Thoughtful GLP-1 management is rare in telemedicine. Many telehealth weight loss clinics operate as high-volume prescription mills with minimal evaluation, no lifestyle integration, and no plan beyond ongoing prescription refills. We offer something different — for Washington State residents who want medical care, not just access to medication.
Our telemedicine practice serves patients across Washington — from the upper Kittitas County communities of Cle Elum, Roslyn, and the Suncadia Resort area, to the I-90 corridor through North Bend and Snoqualmie, to the wine country and mountain towns of Leavenworth and Chelan. Eastside Seattle residents in Mercer Island, Redmond, Kirkland, Sammamish, Issaquah, and Woodinville often choose telemedicine for the comprehensive evaluation that brief in-person visits can't provide. Island residents on Bainbridge, Vashon, and in the San Juan Islands around Friday Harbor, along with Kitsap Peninsula communities including Poulsbo and Gig Harbor, and Southwest Washington residents in Camas and Ridgefield, all receive the same comprehensive care via secure video.

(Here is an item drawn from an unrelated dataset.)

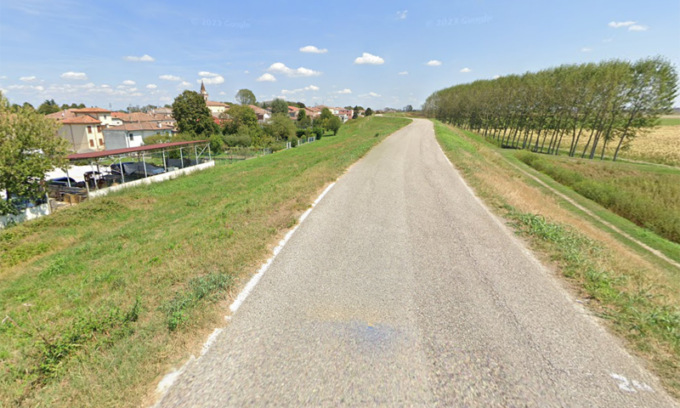 Furgone con 5 occupanti si ribalta in un canale, i feriti trasportati in elisoccorso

Lab work is coordinated at Quest Diagnostics locations near you. Prescriptions are sent to your preferred pharmacy or compounding pharmacy when applicable.
The initial consultation includes comprehensive evaluation, honest assessment of whether GLP-1 therapy is appropriate for you, and a treatment plan that integrates medication with lifestyle if we move forward. Available to Washington State residents.